Retyped exactly and without pictures, the lines from the one with "Load image into" through the end of the listing must form the entire answer.
━━━━━━━━━━
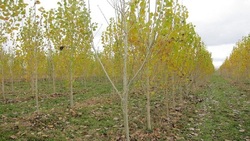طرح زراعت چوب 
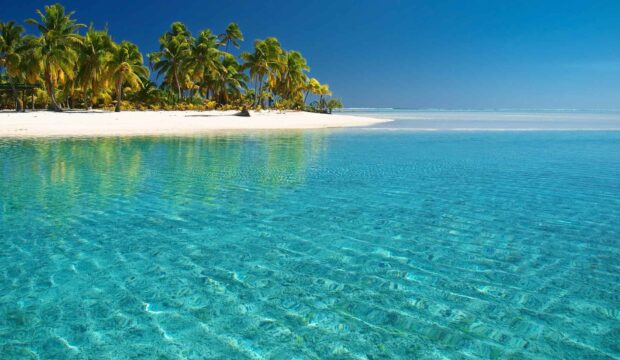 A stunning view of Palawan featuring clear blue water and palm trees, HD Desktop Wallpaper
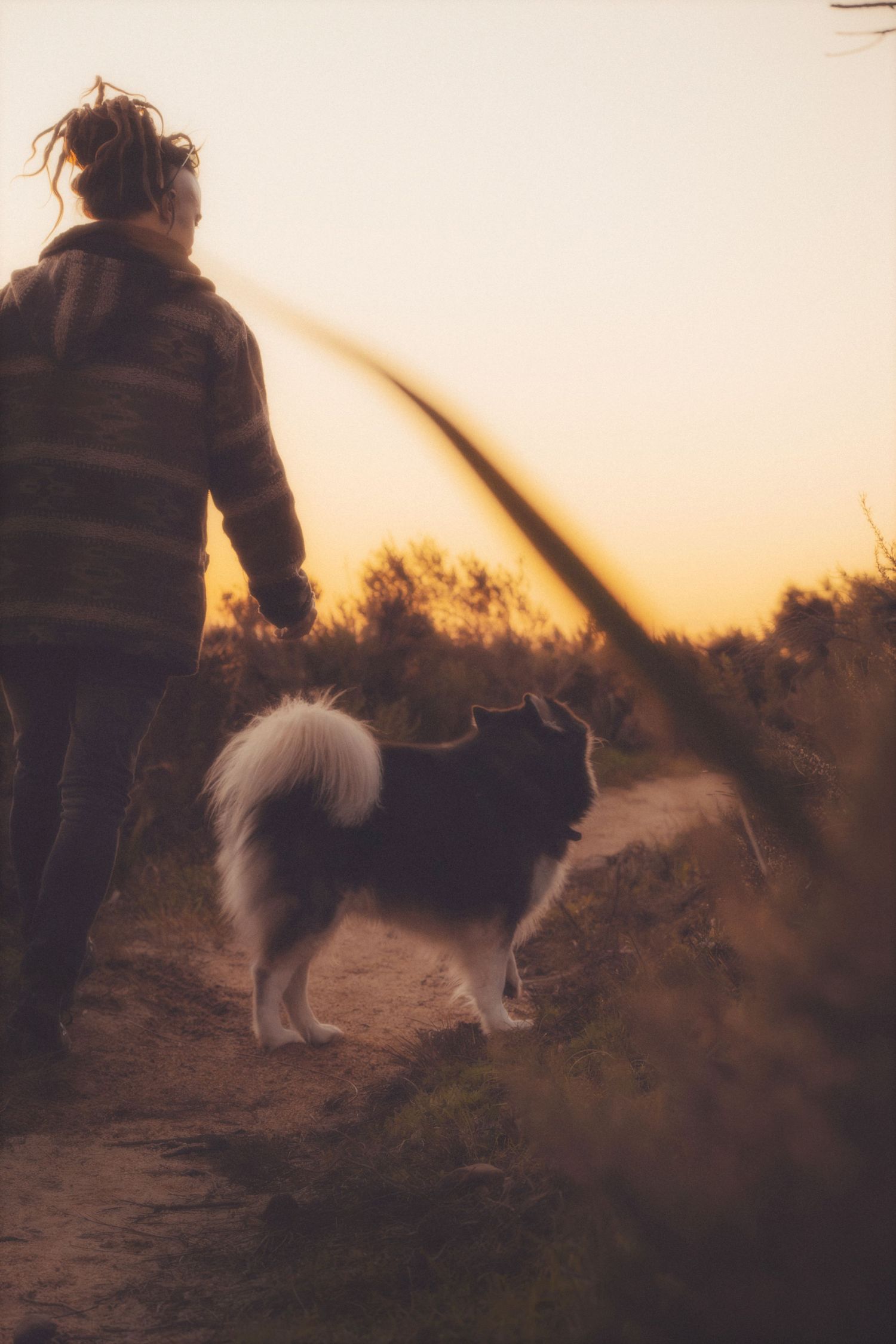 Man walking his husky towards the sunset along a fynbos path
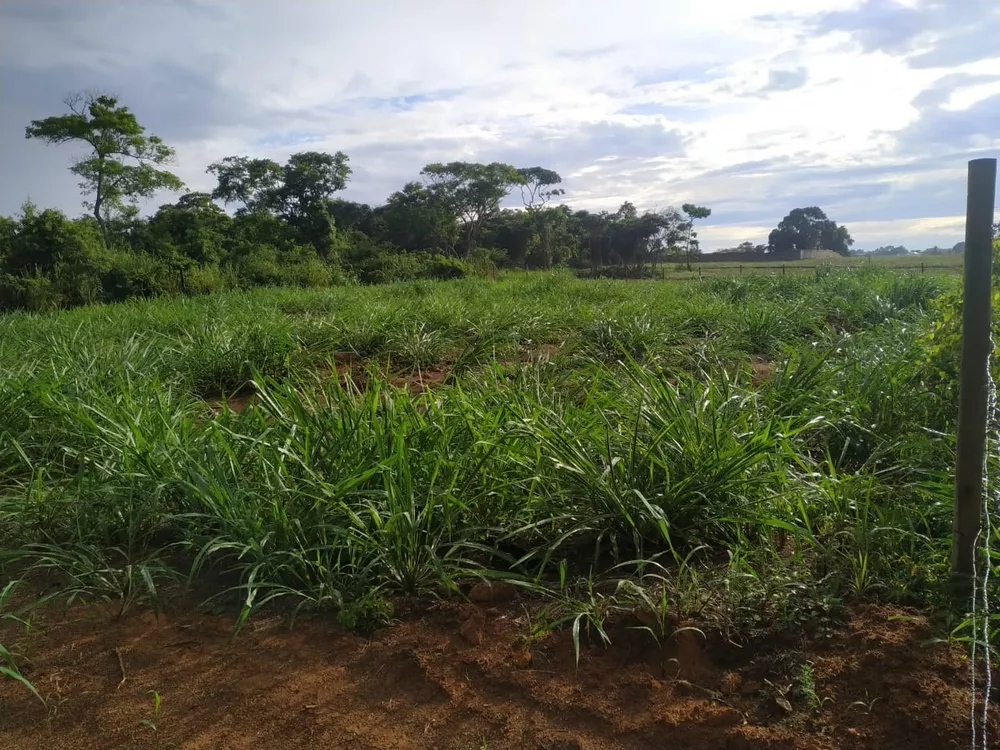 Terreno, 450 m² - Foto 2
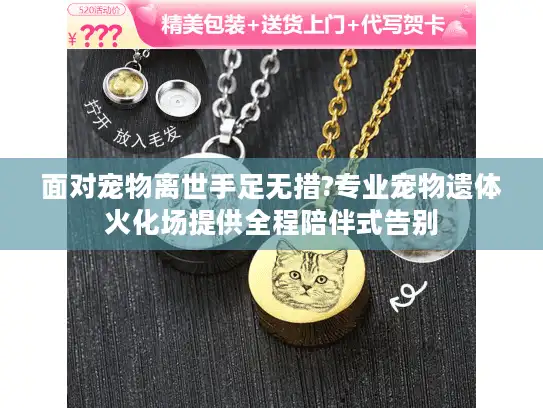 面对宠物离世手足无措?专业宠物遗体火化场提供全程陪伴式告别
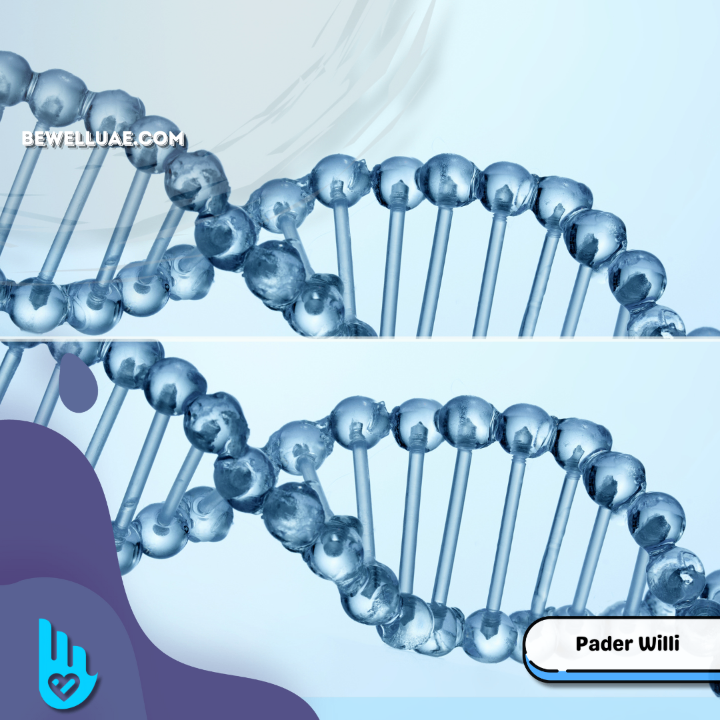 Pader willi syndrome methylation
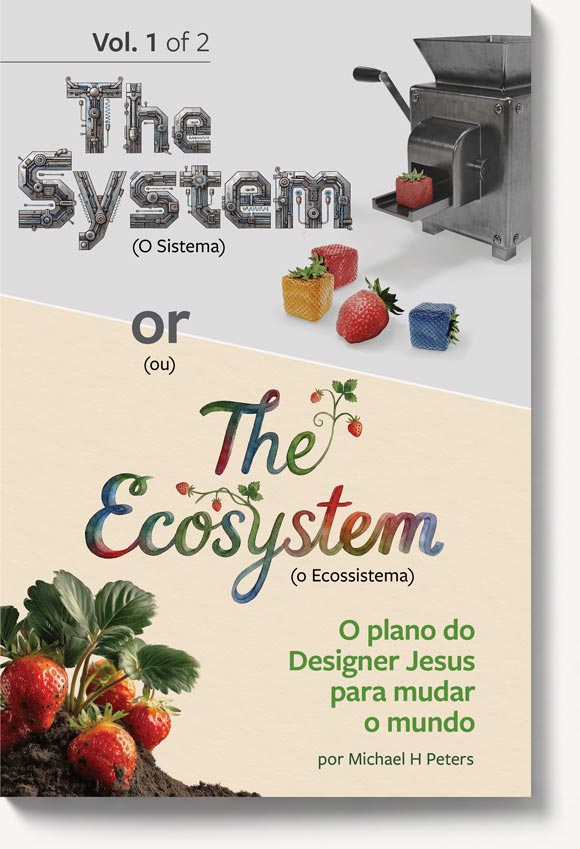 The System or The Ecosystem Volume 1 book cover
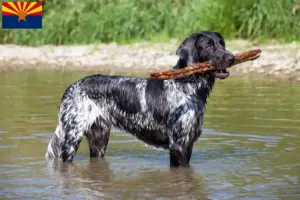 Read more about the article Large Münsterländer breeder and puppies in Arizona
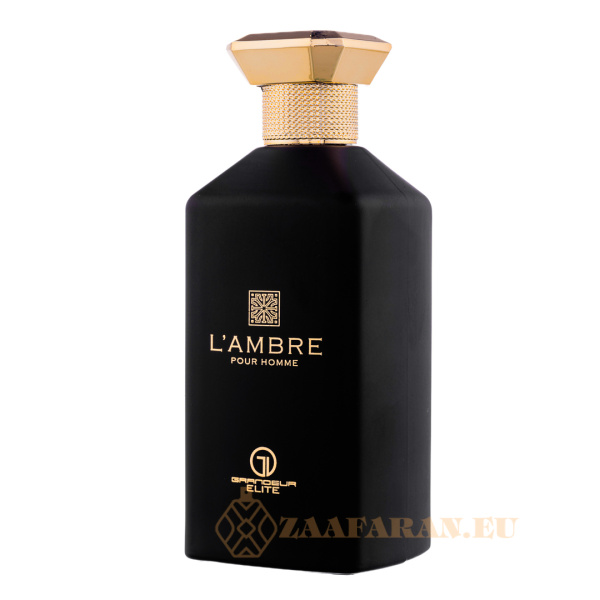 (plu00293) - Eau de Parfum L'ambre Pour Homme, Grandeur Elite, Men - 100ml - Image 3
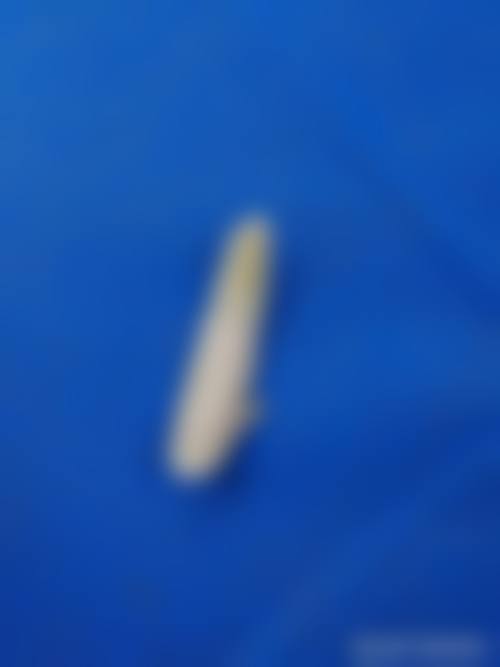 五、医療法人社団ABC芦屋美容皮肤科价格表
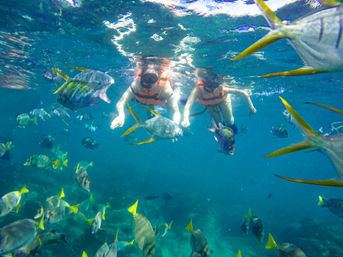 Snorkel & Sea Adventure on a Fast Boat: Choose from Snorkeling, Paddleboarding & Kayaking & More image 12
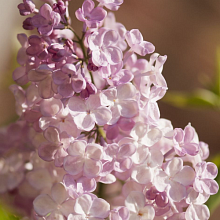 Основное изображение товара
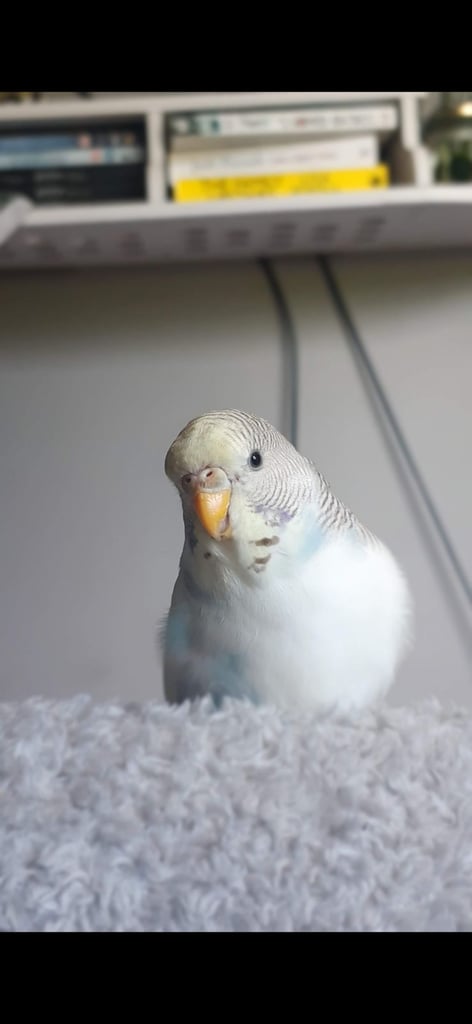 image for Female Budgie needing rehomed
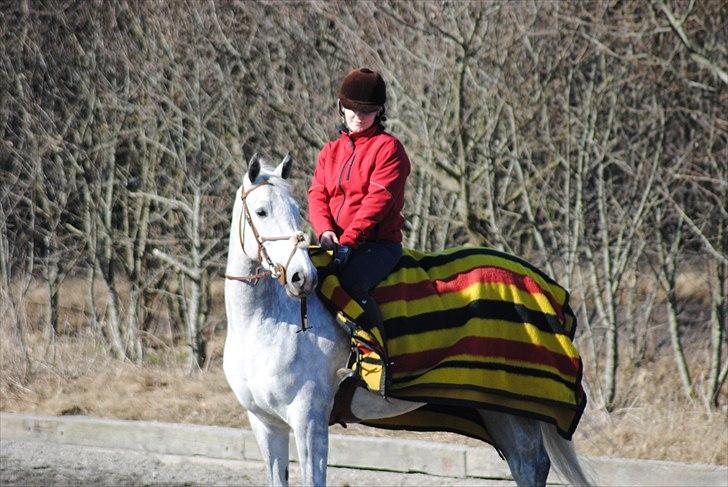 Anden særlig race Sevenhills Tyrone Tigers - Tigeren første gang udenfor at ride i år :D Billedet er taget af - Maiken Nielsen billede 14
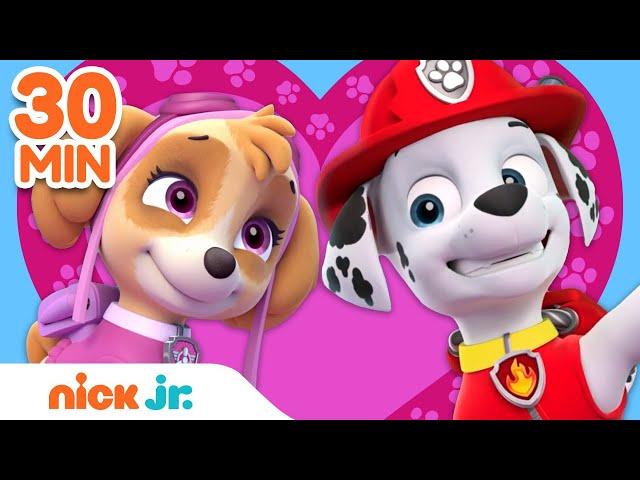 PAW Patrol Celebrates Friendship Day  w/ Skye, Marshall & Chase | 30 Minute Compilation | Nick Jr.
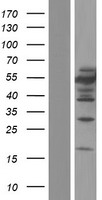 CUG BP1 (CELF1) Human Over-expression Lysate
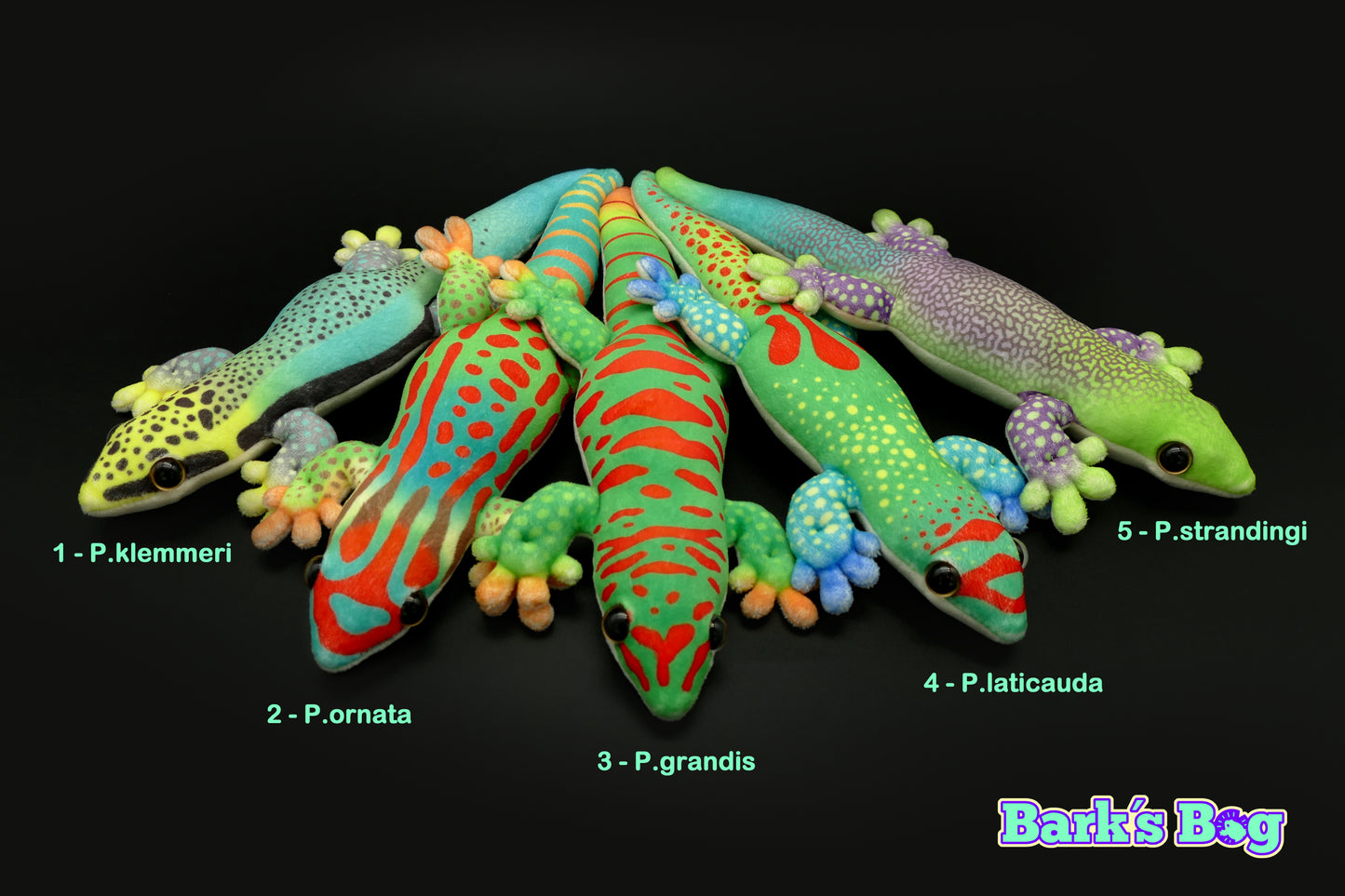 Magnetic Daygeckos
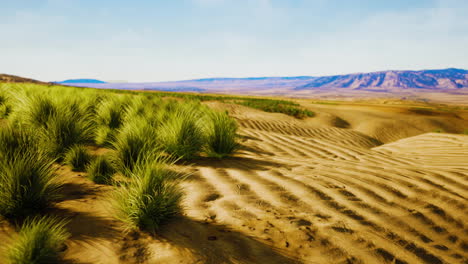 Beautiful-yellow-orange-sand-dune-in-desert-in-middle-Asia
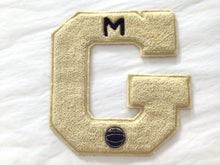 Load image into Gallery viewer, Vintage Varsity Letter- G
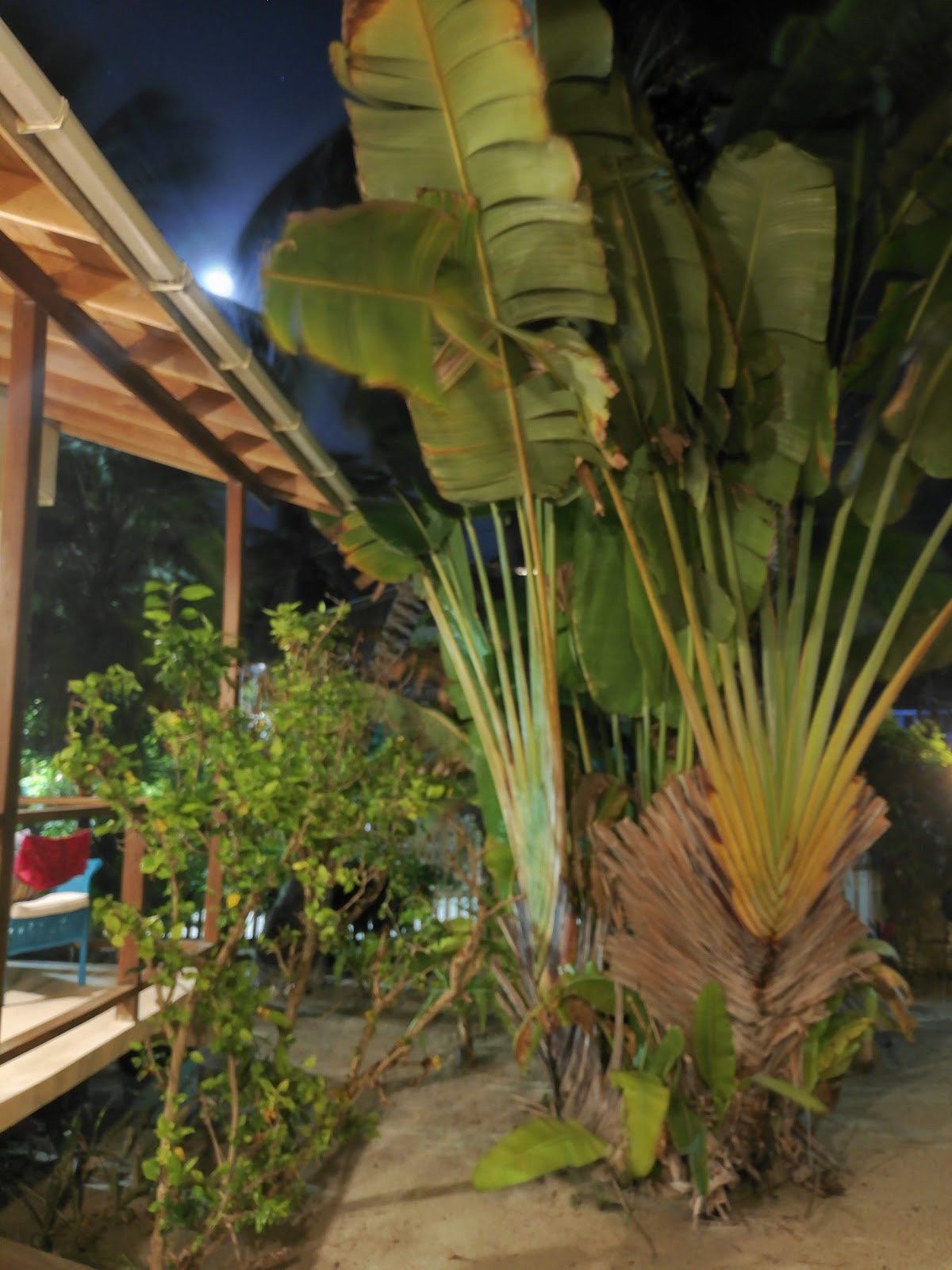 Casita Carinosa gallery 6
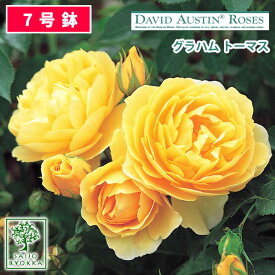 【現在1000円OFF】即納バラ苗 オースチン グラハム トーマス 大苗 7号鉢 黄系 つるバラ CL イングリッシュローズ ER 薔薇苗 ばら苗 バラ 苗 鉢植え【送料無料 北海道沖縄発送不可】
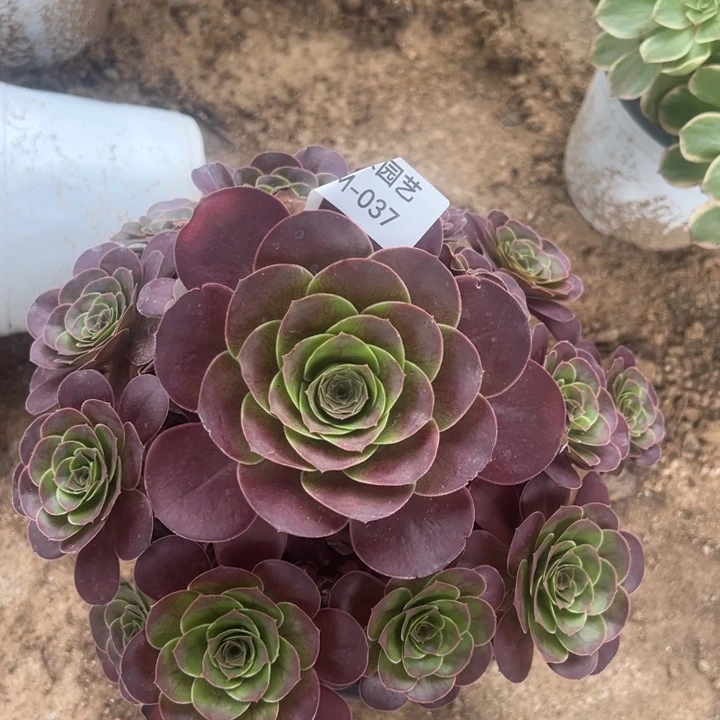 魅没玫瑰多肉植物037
━━━━━━━━━━
- [Your response]
 Load image into Gallery viewer, Vintage Varsity Letter- G
 Casita Carinosa gallery 6
 【現在1000円OFF】即納バラ苗 オースチン グラハム トーマス 大苗 7号鉢 黄系 つるバラ CL イングリッシュローズ ER 薔薇苗 ばら苗 バラ 苗 鉢植え【送料無料 北海道沖縄発送不可】
 魅没玫瑰多肉植物037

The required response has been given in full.